DATASET EXCERPTS:
====

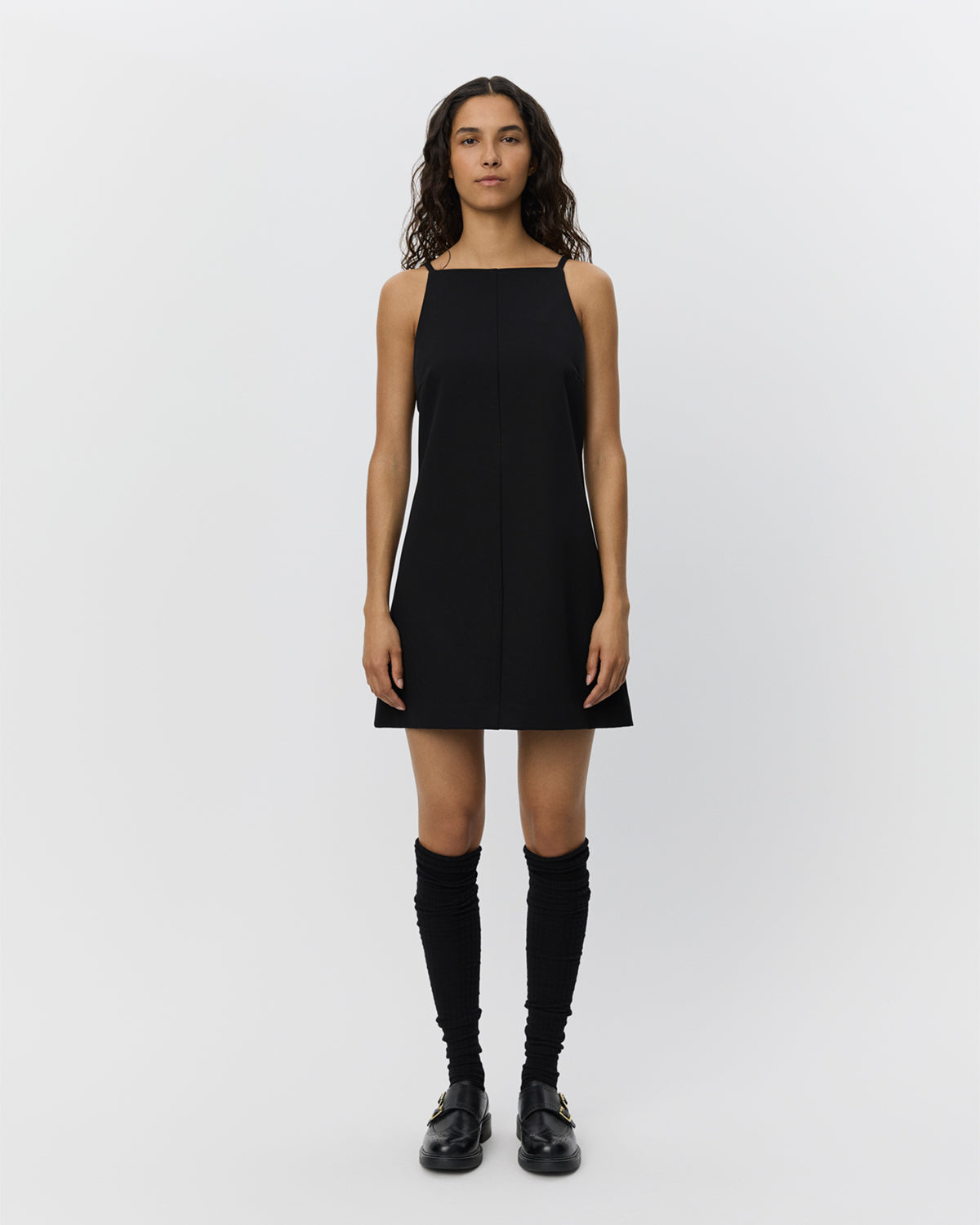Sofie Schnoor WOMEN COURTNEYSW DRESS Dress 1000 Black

====

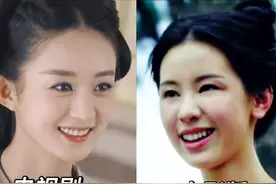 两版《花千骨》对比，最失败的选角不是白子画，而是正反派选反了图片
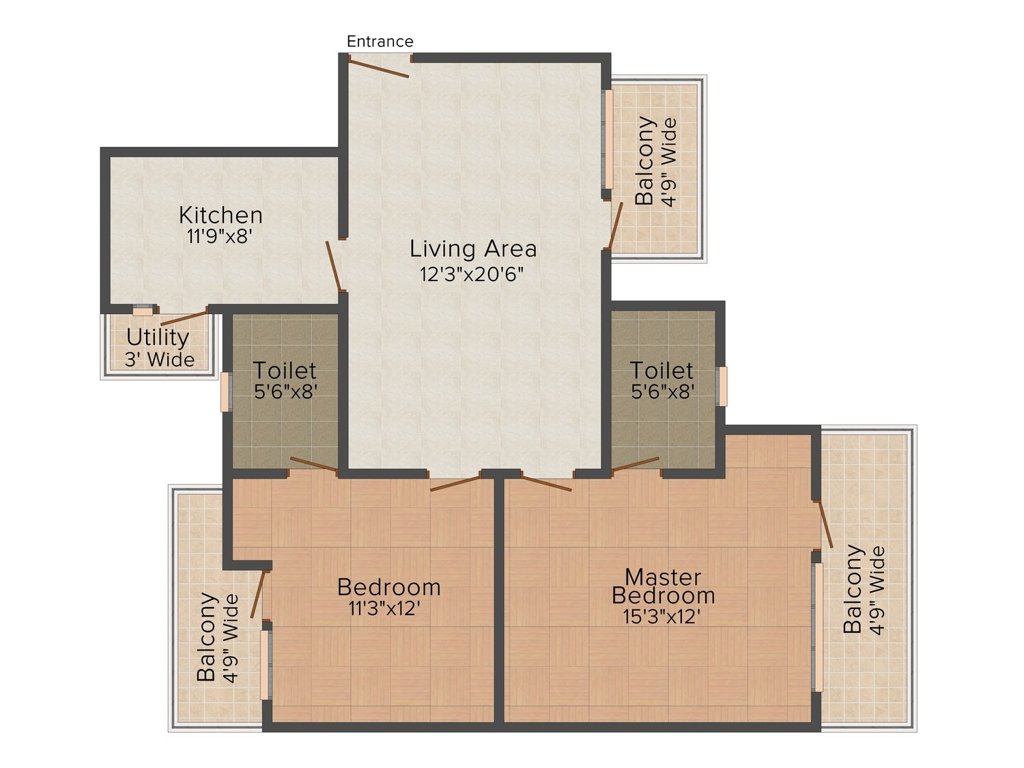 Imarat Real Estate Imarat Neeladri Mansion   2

====

PROBLEM DESCRIPTION: Would you write out exactly the lines above, starting at the line containing "两版《花千骨》对比，最失败的选角不是白子画，而是正反派选反了图片" and stopping after the line containing "Imarat Real Estate"? Omit the pictures.

RESULT:
 两版《花千骨》对比，最失败的选角不是白子画，而是正反派选反了图片
 Imarat Real Estate Imarat Neeladri Mansion   2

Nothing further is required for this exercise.